Since the September 11 attacks, tighter security at airports, shipping yards, and border crossings have bumped up total drug seizures 66 percent, according to the December 16 New York Times. U.S. Customs positively blushes as it hypes how seizures among commercial traffic along the Canadian border are up 326 percent.

"There has been a definite unintended consequence of the effort against terror: We are doing a better job of keeping illegal drugs out of the United States," gushed Customs Commissioner Robert Bonner. But are they?

"Experts have no clear evidence that the increased seizures have created a shortage of drugs on the street or raised their price there," notes Times reporter Fox Butterfield.

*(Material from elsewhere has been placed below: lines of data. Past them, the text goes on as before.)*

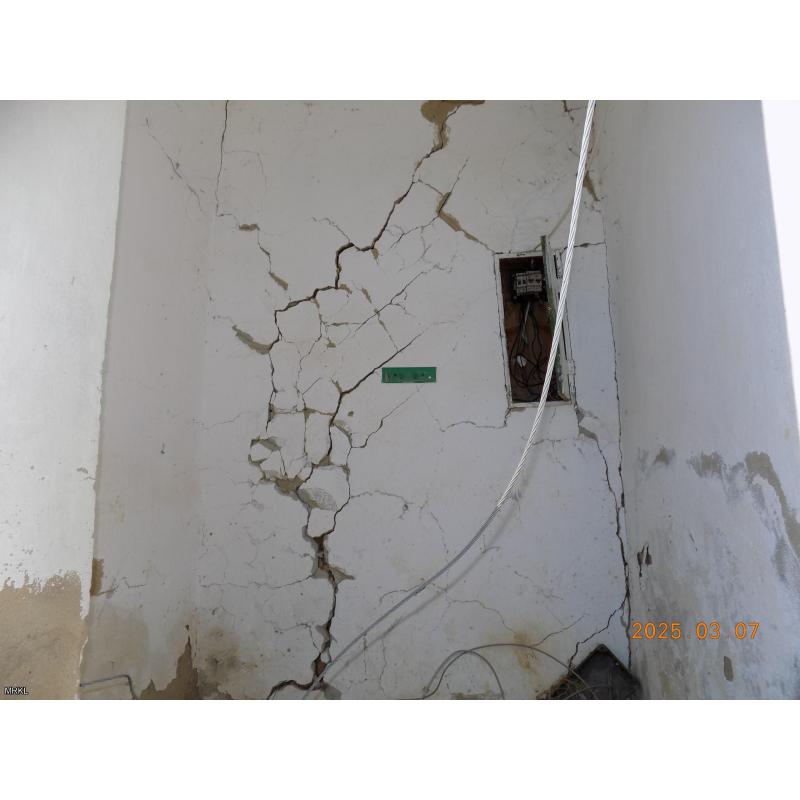 7725 Szebény, Szent István utca 32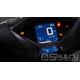 Honda SH 350i E5 Smart top box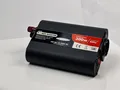 Produktbild: DC/AC Spannungswandler 12V  230V 300W  600W   Wechselrichter USB Wechselstrom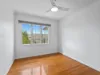 4 Slone Street, Riverview, Qld 4303-Image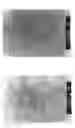 Fig. 02 - Particulate powder of silver and method of manufacturing same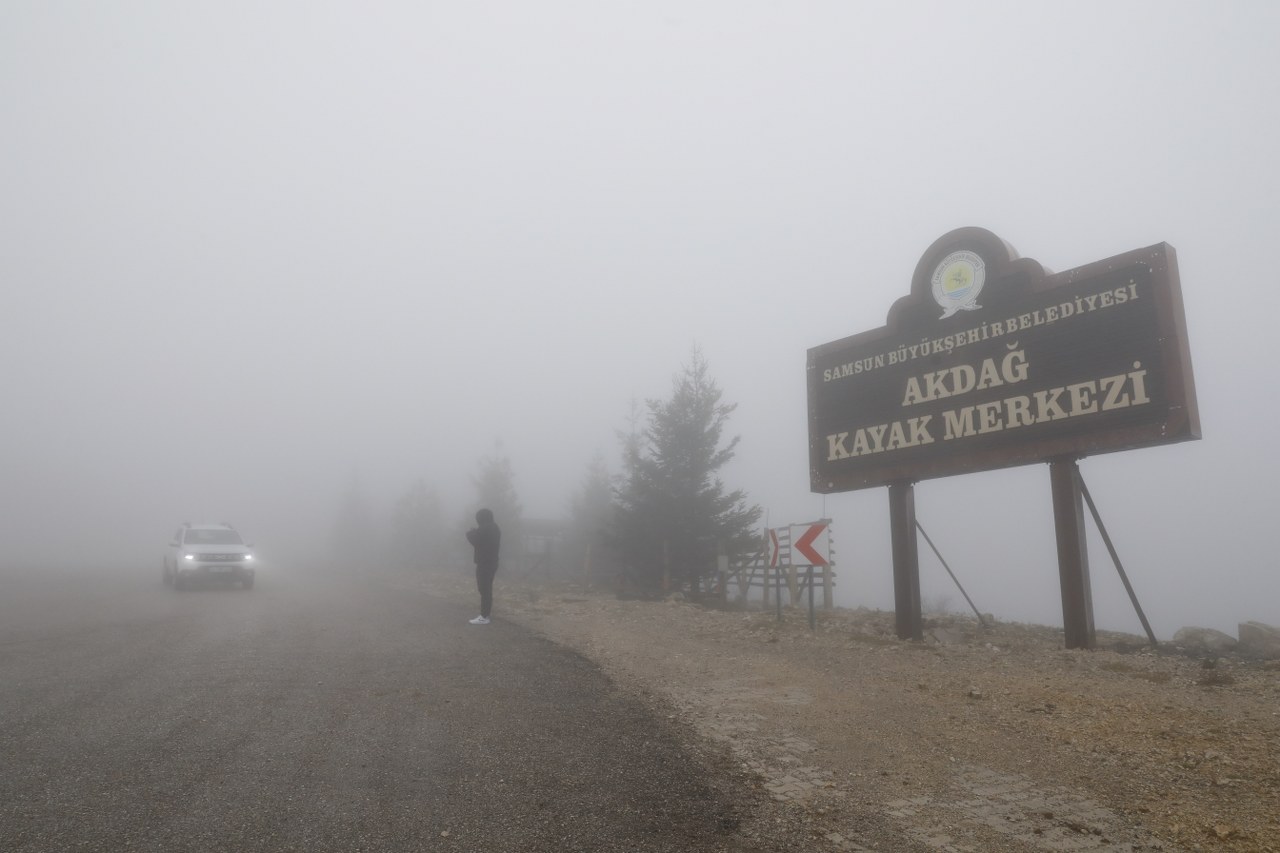 A A 20251209 39933947 39933942 L A D I K A K D A G K A Y A K M E R K E Z I N D E S I S E T K I L I O L D U 1280X853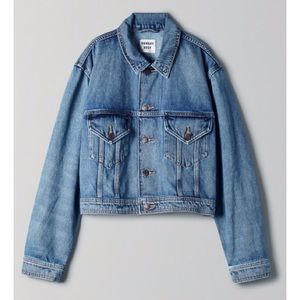 🤩 Host Pick 🤩 Sunday Best Marla Jacket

The connection between more seizures and less drugs on the streets only holds true if you assume that incoming supplies of drugs are static. They don't appear to be. For one thing, more seizures mean that heightened security isn't scaring off traffickers. You'd expect seizures to decline if Customs' teeth were adequately sharp. Instead, a boom in narco-nabbing might simply signal that traffickers are tossing more product at the borders to make up for what they expect to get pinched.

"Law enforcement officials are uncertain whether the increase in seizures means only that they are intercepting a larger proportion of the narcotics…or whether the traffickers are…increasing the number or size of their shipments as a way of overwhelming the tighter security," writes Butterfield. The trend over the past decade indicates that the latter is more likely.

Global Illicit Drug Trends 2001, one of those info-clutter publications from the United Nations, shows how genuinely meaningless the seizures are. The U.N. says that total potential production of illicit opiates (raw opium, heroin, morphine, etc.) in 1999 was 576 metric tons, nearly double what it was in 1989. The amount seized has ratcheted up as well, from 9 percent in 1989 to 15 percent in 1999.

But that still leaves 491 metric tons of illicit opiates available for consumption—182 metric tons more smack than when the first President Bush was reassuring the nation that the U.S. would prevail in the War on Drugs. We're grabbing more all right, but only because there's so much more to grab.

Two simple graphs in the U.N. report make this embarrassingly clear. The first (on page 107) shows global seizures of heroin and morphine from 1989-99. The number of seizures more than doubled, with 27 metric tons seized in 1989 and 61 in 1999. Keep that in mind as you flip to page 207, where a chart tracks the wholesale and retail prices of heroin over the same period. Where a gram of heroin would cost you more than $275 in 1987 (using 1999 dollars), 12 years later the same gram would set you back less than $50. While less dramatic, the downward slope for cocaine is just as obvious.

Even short-term seizure gains aren't promising for drug warriors. Traffickers are making up for shortfalls by simple redirection. Because the Coast Guard has shifted its efforts away from interdiction to anti-terror duties, Butterfield points out that cocaine seizures are down by one-third, and marijuana seizures are only one-fifteenth what they were last year at this time.

Sometimes the banal things are the truest: Where's there's a will, there's a way—and this is true for both sides of the drug war.

As T.W. Arnold explained about alcohol prohibition in his 1937 book, The Folklore of Capitalism, "When men wanted to pretend that the nation was dry, a vast and complex organization of bootleggers became a necessity in order to meet the demand for liquor."

But at the same time, "There was also an elaborate ceremony to be celebrated, i.e., that the nation was dry." As evidenced by all the rumrunners, it wasn't, but the government put on the necessary airs, just as it does now.

Drug warriors bluster and bellow about how the latest seizures are some sort of victory, but as the numbers demonstrate, it's all a show. By jailing a few drug runners and pinching their product, drug warriors can continue to claim their well-loved token successes while drug dealers continue to claim the real ones.